【EVERYTHING HAPPENS TO ME】・・このごろ聞き直していますがいい曲です! |
昔から夢中になって聞いていたというよりも、何かのおりにさりげなく聞いて、それがずっと記憶に残っている曲というのがある。たとえばこの【EVERYTHING HAPPENS TO ME】などもそんな曲の一つです。
【僕にはなんだって起こるさ!】という曲名ですが、この何だって起きるというのが、ツキがあるので良いことばっかり!というのとは正反対なのが泣かせます。
この何だって起きるというのは【どうして僕ばっかりに!】と言う嘆きの但し書きがついた方がより正確でしょう。
こんな思いは実は誰だって経験したことがあるはずです。弱り目に祟り目というやつです。
この歌詞はだいたいこんな内容です。
まったく僕に起こることといったらろくでもない事ばかり、ゴルフをやれば雨が降る、パーテイ開けばうるさいと苦情がくる、トランプでエースを出せばさらに良い手で逆転される、風邪が流行れば必ずひくし、電車も乗り遅れてばっかり。何をやっても不運だらけ。そんな僕を君が救ってくれると信じていたのに、電話をかけても電報をうっても返事は【さよなら】だけ、しかも料金不足ときている。
というような、まさに嘆き節と言った感じなのですが、その悲惨な内容の歌詞にもかかわらず演歌のような重く暗い曲調でないのがこの曲の良いところ。
たとえばアメリカのカントリーミュージックなどを聞いてもその歌詞はとっても悲しいのに、曲だけ聞くととっても明るく聞こえるというのにどこか似ているかもしれません。
まあJAZZなのでカントリーほどシンプルに底抜けに明るいわけではないのですが、このメロデイと歌詞にはどこか達観したような、まあしょうがないな・・みたいなとぼけた哀愁?が漂っているように感じられます。どちらかと言うとさらーっとした歌い方のほうがあっているようです。
もともとはフランクシナトラの歌でヒットしたそうですが、この曲をはじめて聞いたのはチェットベイカーでした。

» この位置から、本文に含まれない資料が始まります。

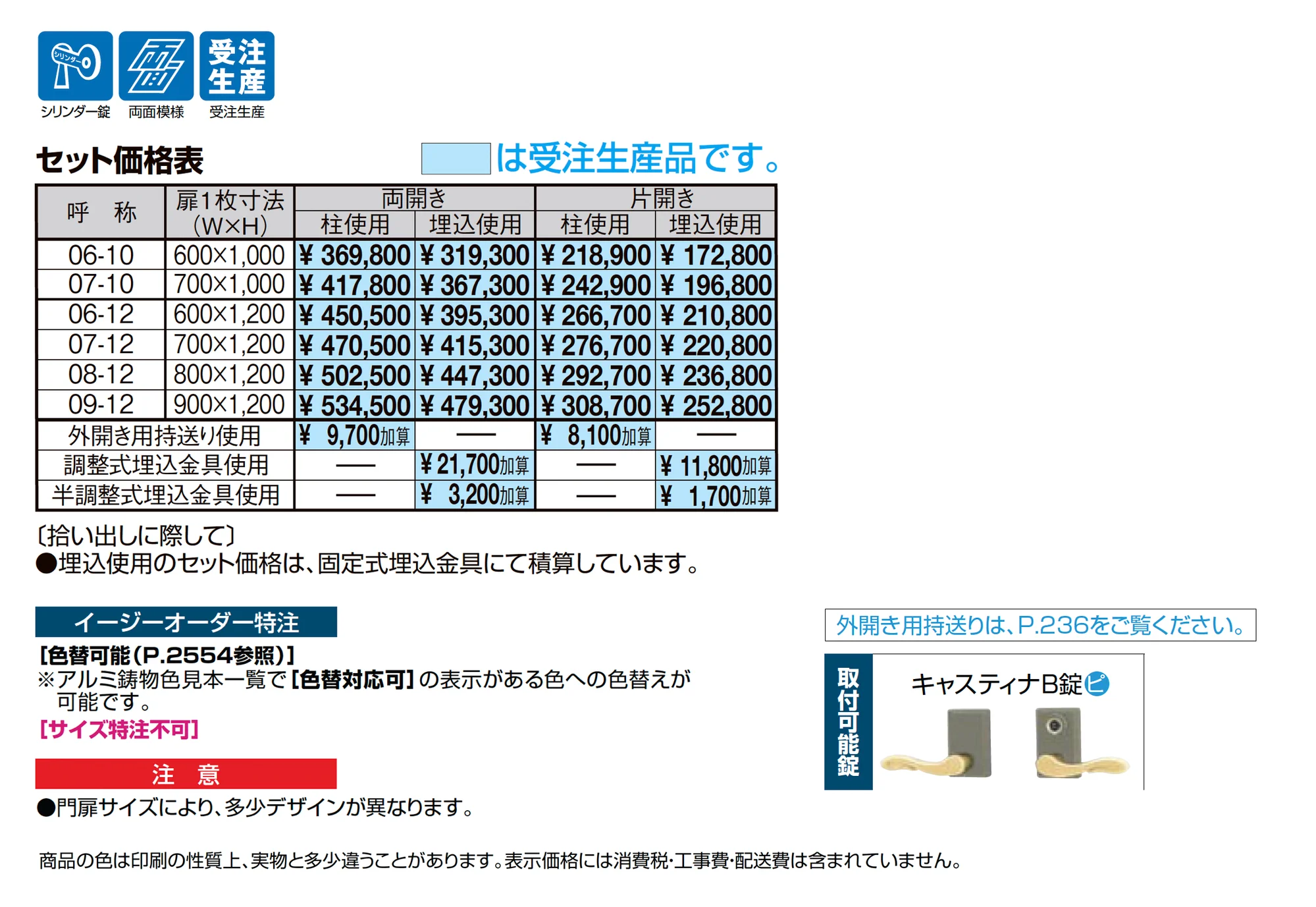 キャスグレード みぎわ_価格_1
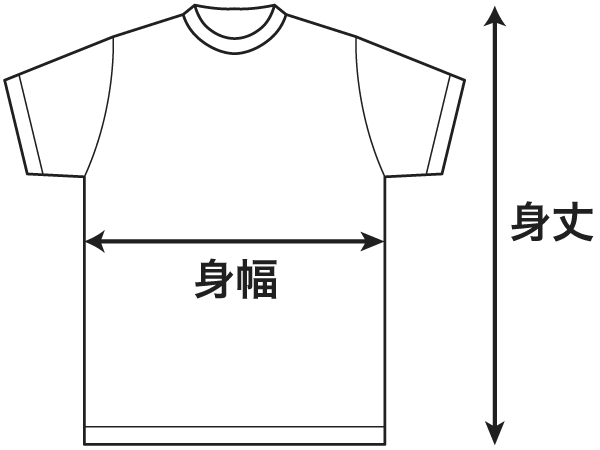 サイズ計測位置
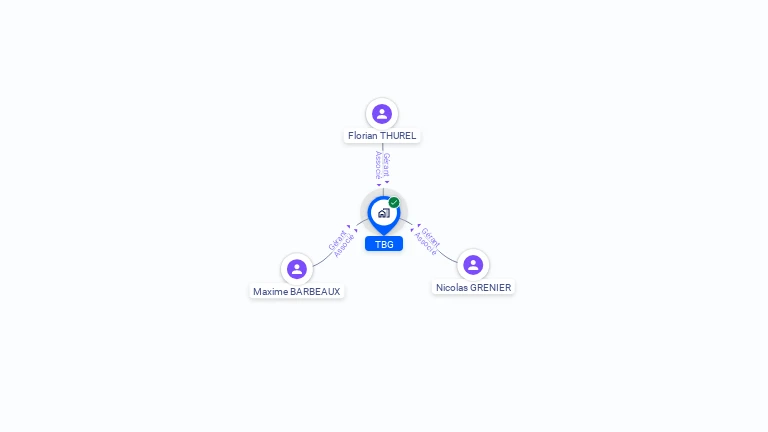 Cartographie gratuite de TBG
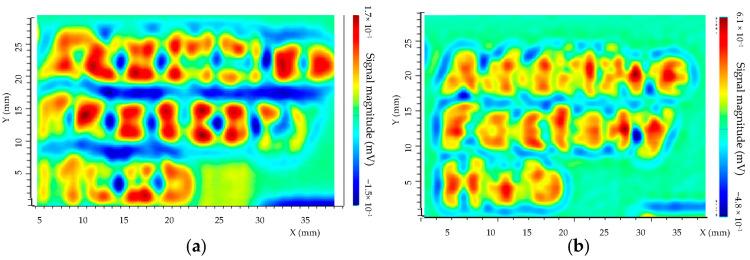 https://cdn.ncbi.nlm.nih.gov/pmc/blobs/8bf0/10181579/b648f162bd2c/sensors-23-04336-g015.jpg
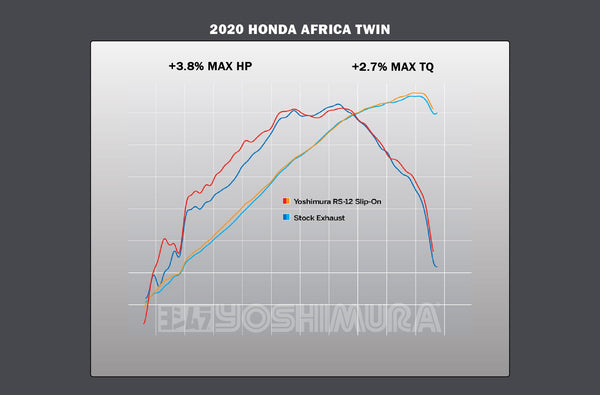 Africa Twin 20-26 RS12 Stainless Slip-on Exhaust
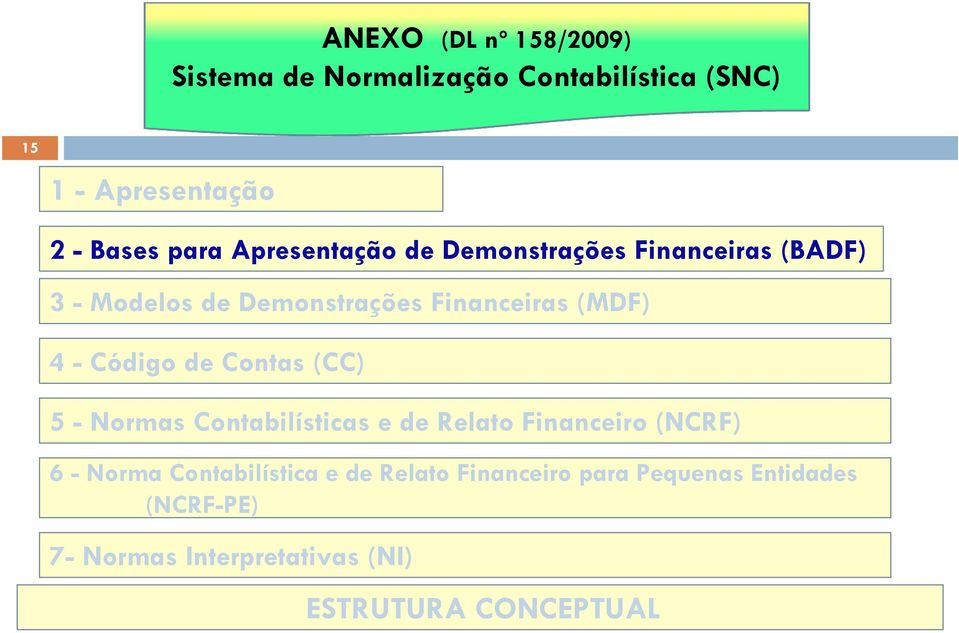 Contabilísticas e de Relato Financeiro (NCRF) 6 - Norma Contabilística e de Relato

ご存じの方はもちろん知っているというJAZZ界ではチョー有名な男性シンガーとトランペット吹きです。人生に達観したかのような、中性的でどこかなげやりな彼の声が実にこの曲にぴったりの気がします。
JAZZに入門するとき一番すんなり耳に入ってくるのがピアノのビルエバンスと歌ではこのチェットベイカーかも知れません。彼の歌はスイングするというのではなくどちらかと言うとボサノバにあるようなささやくようなとっても優しい歌い方なのです。
晩年になってすっかり中年太りし、その上薬でボロボロになって見る影もなくやつれても、その魅力的な歌声は変わりませんでした。そして特筆すべきはトランペットで、歌の良さはもちろんですがトランペットの演奏のほうがさらに素晴らしいと個人的には思っています。
この曲は歌ばかりでなく実にさまざまな器楽演奏者も取り上げています。件のビル・エバンスをはじめセロニアス・モンク、キースジャレットなどのピアニストの大御所も演奏しています。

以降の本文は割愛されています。